To principle #4, imagine a question like this in a sea of database fields where maintenance is but one of 45 fields.

What are the top three preferences for maintenance?

A generalized aggregation passed into the GPT prompt would include 44 irrelevant fields. AI [embeddings] is how you avoid this. This speaks to principle #2 as well. The interface needs to cut away all the aggregation data that will serve only to potentially confuse the model, or overwhelm the token limitations.

The complexity grows when you have two fields related to the same topic. Imagine a survey where we ask:

  • Select your preferred maintenance provider for CyberLandr.
  • Select the maintenance provider closest to you.

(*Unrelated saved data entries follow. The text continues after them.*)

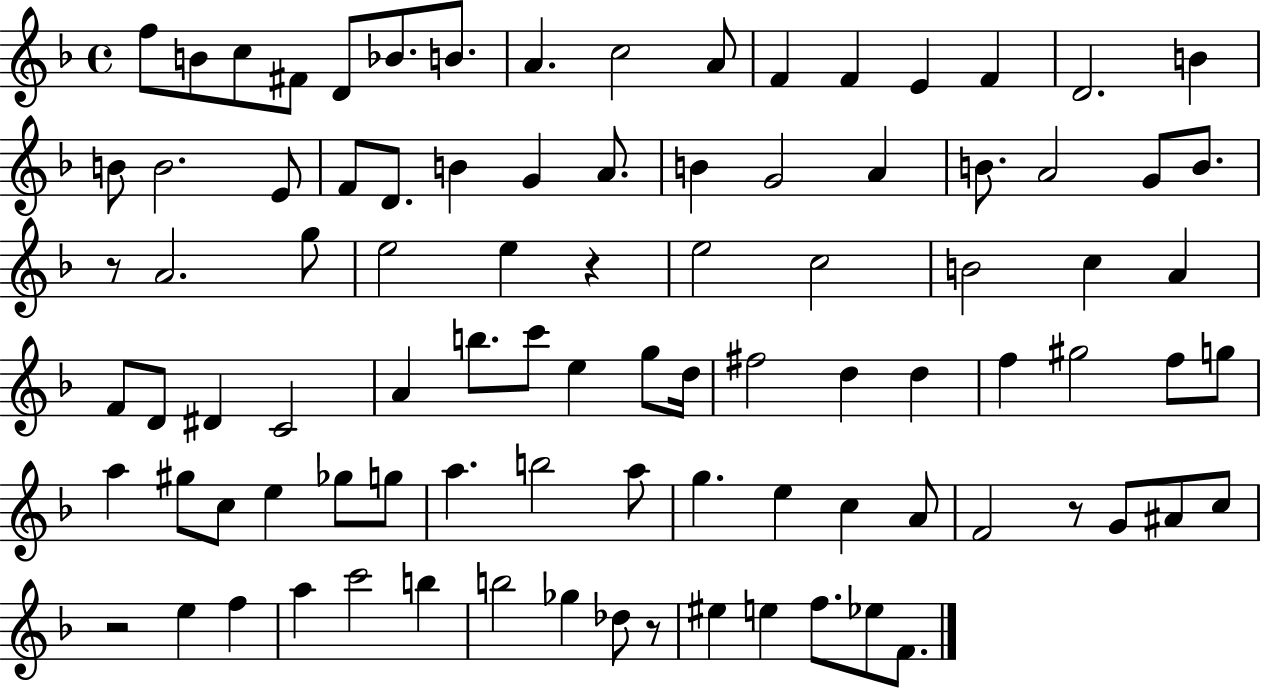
X:1
T:Untitled
M:4/4
L:1/4
K:F
f/2 B/2 c/2 ^F/2 D/2 _B/2 B/2 A c2 A/2 F F E F D2 B B/2 B2 E/2 F/2 D/2 B G A/2 B G2 A B/2 A2 G/2 B/2 z/2 A2 g/2 e2 e z e2 c2 B2 c A F/2 D/2 ^D C2 A b/2 c'/2 e g/2 d/4 ^f2 d d f ^g2 f/2 g/2 a ^g/2 c/2 e _g/2 g/2 a b2 a/2 g e c A/2 F2 z/2 G/2 ^A/2 c/2 z2 e f a c'2 b b2 _g _d/2 z/2 ^e e f/2 _e/2 F/2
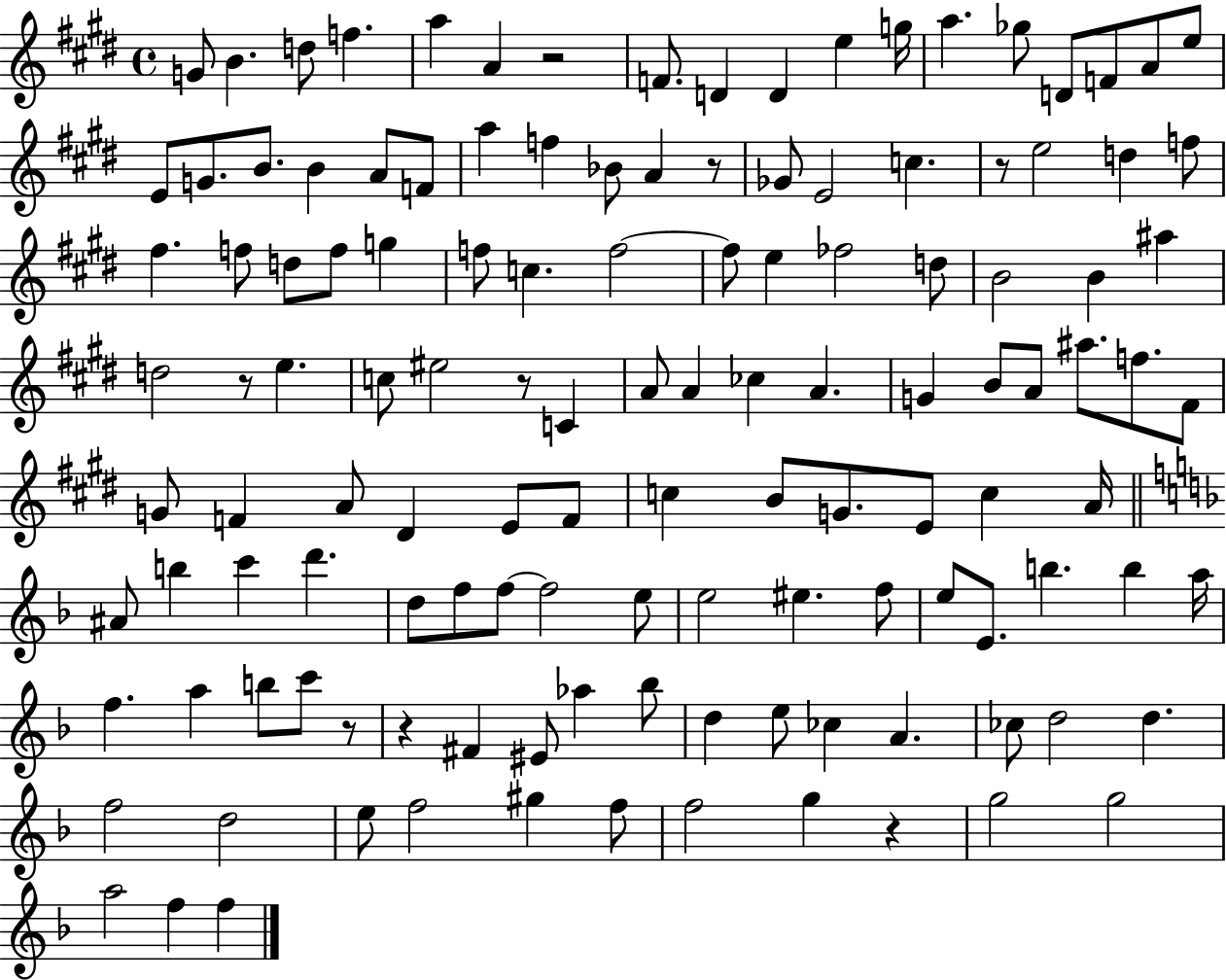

How will the interface know which metric the query is intended for? The only answer is an inference algorithm, which is made possible with embeddings.

Dealing with “Other” Comments

In surveys, customers often express written sentiments. How will your AI interface deal with these unstructured values? Too deep to cover here, but my architectural approach embraces this challenge. Using NLP, users can glean data insights from complex written comments, even across thousands of responses.

AI: It’s Easy!

I love it when purveyors of AI say, “It’s easy! Just use this!” In most cases, it’s not. If it’s that easy and effortless, we should see a live demonstration, eh? :wink:

Dynamic Aggregations

Perhaps you’ve not seen a dynamic JSON aggregation that is blistering fast. Here’s one.

//
// dynamic aggregator
//

// create the intermediate data frame
const intermediate = surveyHash.reduce((acc, curr) => {
  Object.entries(curr).forEach(([k,v]) => {
    if (k !== "id") {
      if (!acc[k]) {
        acc[k] = [];
      }
      acc[k].push(v);
    }
  });
  return acc;
}, {});

const final = Object.entries(intermediate).reduce((acc, [k, v]) => {
  const accumulated = v.reduce((inner_acc, inner_val) => {
    if (inner_val === null) {
      inner_val = "empty";
    }
    if (!inner_acc[inner_val]) {
      inner_acc[inner_val] = 0;
    }
    inner_acc[inner_val] += 1;
    return inner_acc;
  }, {});    
  acc.push({
    [k]: accumulated,
  });
  return acc;
}, []);

This process first produces a data frame much like a Pandas data frame. The second phase shapes the aggregation, as you might expect. Weigh this against a massive collection of new roll-up fields and formulas or a Make recipe. Airtable just 22 lines of code and able to aggregate a thousand responses in a few seconds, there is no reason to use more complex or latent approaches.

You’ll find a little more information and some screen shots here.

2 Likes

@bfrench Just amazed how you put your puzzle together. My guess is you are going to use GPT for customization tool for buyers to customize their CyberLandr.

Possibly, but CyberLander is intentionally designed to have few options.

We have big plans for AGI in the total customer experience, though. If you need to know how long your water will last using just your voice, AGI brings this to reality.

1 Like

Makes sense. Makes me think at some point soon somebody will give Airtable run for money. If the AI models are capable enough, why would I need to know how manually sort things or create columns of data with formulas and link it through automations or Make/Zapier. It would feel like 1990’s. I don’t sort incoming email in Folders or adding Tags anymore, haven’t done that for ages, why would I, unless I have some kind of sorting-obsession.

Well, you’re right - this is the knee of the curve. The inflection point where the very essence of data becomes this idea that managing it could be replaced over time.

Hmmm… perhaps! Could be a good idea!